I.          I start at the cheek, the slope slowing into the area where eyes rest. The dip of the chin, gray’s muted hue, smog on jaw. The ear, hair sheltering it. Eyebrows, eyes and the gleam trapped beneath. My mother taught me that noses are simple. At the lips, there is a cupid’s bow and plumpness to thumb. Shading spaces. Smudges of color. I spend hours, but when I peel back from the paper, it isn’t what I’ve seen on screen.

II.          Abuela hovers over the cutting board. She brings the blade down for the thump of silver. My mother counters, her body bent. The questions trickle from her lips, lyrics without song. My mother holds a notebook in her hands and fits her fingers into the binding. It lies a coiled stripe, like barbed wire. Somewhere, shattered glass is swept into a corner. A box of cereal stands atop the refrigerator like a flag.

III.          Abuelo arrives at the apartment. The dog winds around his heels like a scarf falling to the floor. And Abuelo finds my mother in the closet, between towers of CDs, titles tattooed across the spines of their cases. Tear streaks a film on the skin. He slides the door open: she lies salting up the carpet with saline again. Close the door: what is there to do. Pans clatter on a countertop in the kitchen. He walks away.

IV.          The car is a warm capsule without air conditioner. We skim down these streets, tires pausing in potholes. People walk on these streets and I don’t see them: I fold back into the seat, let my vision fill with the dashboard. I am carsick; I am always sick; I have constant motion sickness. We swerve: my father is almost hitting. He says faggot at someone and my teeth make a slit in my bottom lip.

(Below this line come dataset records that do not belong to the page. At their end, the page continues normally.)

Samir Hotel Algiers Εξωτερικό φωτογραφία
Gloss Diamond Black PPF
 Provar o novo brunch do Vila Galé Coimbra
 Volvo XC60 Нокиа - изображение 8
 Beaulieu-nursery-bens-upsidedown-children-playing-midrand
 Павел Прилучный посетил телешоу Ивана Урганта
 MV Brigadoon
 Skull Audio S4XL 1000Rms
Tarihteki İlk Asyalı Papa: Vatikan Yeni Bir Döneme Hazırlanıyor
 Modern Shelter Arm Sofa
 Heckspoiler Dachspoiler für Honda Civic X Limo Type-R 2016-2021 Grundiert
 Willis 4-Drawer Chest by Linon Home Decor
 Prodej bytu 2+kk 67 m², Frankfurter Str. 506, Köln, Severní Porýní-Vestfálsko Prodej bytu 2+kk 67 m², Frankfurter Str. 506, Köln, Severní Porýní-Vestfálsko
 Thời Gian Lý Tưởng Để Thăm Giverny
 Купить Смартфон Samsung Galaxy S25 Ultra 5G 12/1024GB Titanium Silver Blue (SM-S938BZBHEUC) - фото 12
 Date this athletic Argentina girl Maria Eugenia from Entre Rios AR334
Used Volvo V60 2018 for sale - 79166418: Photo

V.          I write: Connor a dent in the grass field, bare legs framed by grass. Grayson’s hand curling over the curve of her hair in the mirror. Elena’s red lips parted around her girlfriend’s name. Graham’s eyelashes slicked by the black, bristled tongue of a mascara wand. Westie’s hand over the stripe of Govinda’s tie. My father is calling me and characters’ names. I don’t write – don’t ask me. These homes, hollowed out.

VI.          I have dreams, dry but still there. Girl in the iris of the projector. Girl with her thighs stacked underneath her, tanned expanses of skin. She’s the kind of person I don’t know: pens with pastel caps, writing her letters in a neat line, a rainbow splay of different papers. The next day I am sick on the floor, in the toilet, and in bags. It is indelicate, shuttled down the tunnel of my throat. There is no poetry.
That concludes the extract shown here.